Large businesses rally amid M&A action

Bank of Ireland gains 8.5% on Iseq ahead of presentation of full-year results on Monday

Independent News & Media fell back by 1.84 per cent to close at 16 cents. The company confirmed yesterday that Vincent Crowley (above), its chief executive, has agreed with the board to leave the company. Photograph: Brenda Fitzsimons

Independent News & Media fell back by 1.84 per cent to close at 16 cents. The company confirmed yesterday that Vincent Crowley (above), its chief executive, has agreed with the board to leave the company. Photograph: Brenda Fitzsimons

Sat, Mar 1, 2014, 01:00


Stocks across Europe rose for a fourth week as several large companies rallied amid a resurgence in mergers-and-acquisitions activity. The Iseq performed better than many of its European peers, gaining 1.2 per cent, with Bank of Ireland the stand-out performer.
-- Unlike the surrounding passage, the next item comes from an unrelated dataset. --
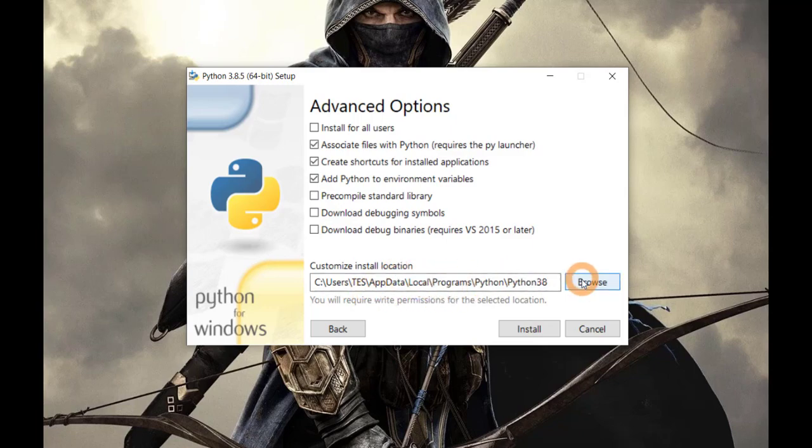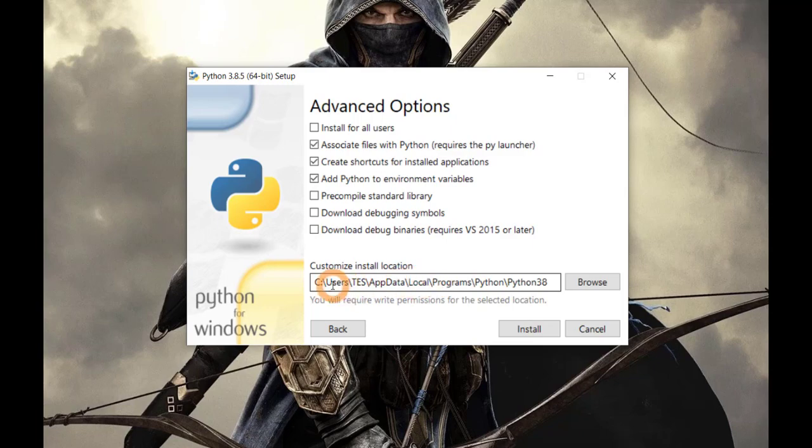Why? Because later on when you want to install different libraries in Python through command prompt, this location will cause problems. So it is better if it is in C drive. That will help you a lot later and it will save you from a lot of trouble.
UK stocks were little changed, completing their biggest monthly gain since July, while US stocks rose for a third day amid improving consumer confidence and speculation that the Federal Reserve will continue to support the US economy.


DUBLIN
Bank of Ireland led the way for the Iseq yesterday, roaring ahead of more than 8.5 per cent to close the day at almost 39 cents. The stock was traded heavily in the late afternoon as investors jockeyed for position ahead of the bank’s full-year results on Monday. AIB is due to report its results on Wednesday.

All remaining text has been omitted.